ALCIDE MALAGUGINI

Alcide Malagugini nacque a Rovigo il 15 ottobre 1887 da Vincenzo, insegnante elementare e poi mastro di posta, e da Adele Salvi.

Perduto il padre quando aveva 14 anni, per proseguire gli studi Malagugini dovette trovarsi un impiego come copista presso un’agenzia di assicurazioni. Frequentò il liceo-ginnasio Celio di Rovigo, dove ebbe occasione di incontrare un altro studente destinato ad avere un posto nella storia del socialismo italiano, Giacomo Matteotti.

Nel 1907 aderì al Partito socialista italiano, si impegnò nel movimento contadino polesano e collaborò al settimanale La Lotta. L’11 ottobre di quell’anno fu arrestato con l’accusa di aver violato la “libertà di lavoro” e oltraggiato le pubbliche autorità, ma fu prosciolto poco dopo.

Nel 1908, grazie a una borsa di studio, Malagugini s’iscrisse alla facoltà di lettere dell’Università di Pavia, dove si laureò dedicandosi poi all’insegnamento. Giunse nella città lombarda accompagnato dalla fama di dirigente capace e stimato, tanto che i socialisti pavesi lo nominarono, già nel 1908, segretario della sezione del PSI e della Camera del lavoro. Alla testa dei socialisti di Pavia rimase fino al 1912, mentre la sua esperienza sindacale, pur esauritasi nell’arco di soli due anni, fu caratterizzata da ottimi risultati.

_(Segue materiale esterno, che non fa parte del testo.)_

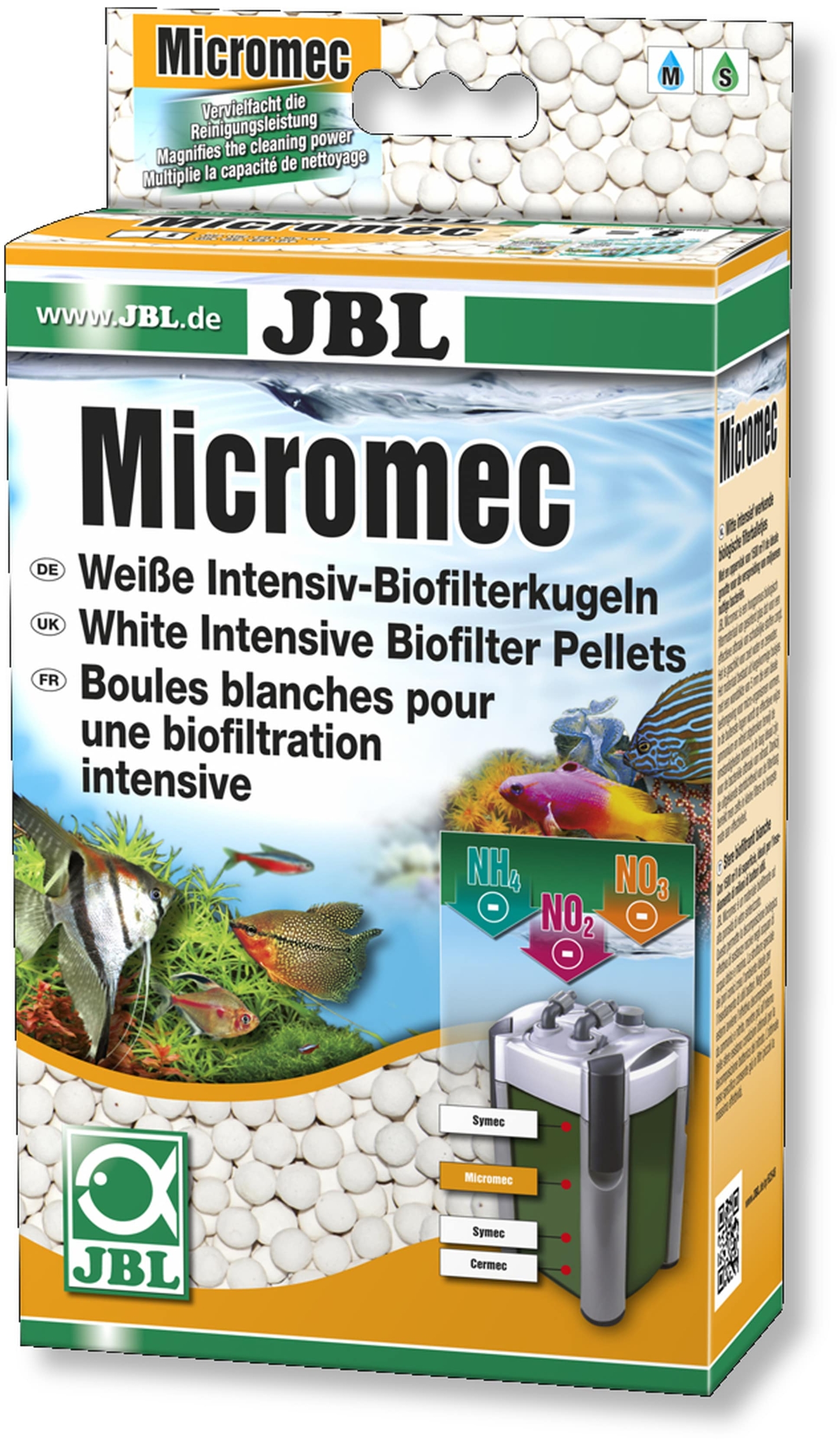 JBL MicroMec 1,7 L billes blanches ultra poreuses en verre fritté pour une filtration biologique intensive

La nomina di Malagugini pose fine a un periodo di precarietà della Camera del lavoro, nel quale si erano succeduti ben sei segretari in poco più di due anni. Seppe rilanciarla sia in termini organizzativi (tra il 1908 e il 1910 la Camera del lavoro raggiunse il più alto numero di iscritti) sia sul piano dell’iniziativa politica. Ridotta l’attività puramente rivendicativa, svolta in prevalenza dalle leghe e dalle federazioni di mestiere, la Camera del lavoro venne “affermando sempre più il suo nuovo ruolo di organo di autogoverno dei lavoratori e di istituzione locale interprete delle esigenze complessive del proletariato pavese“.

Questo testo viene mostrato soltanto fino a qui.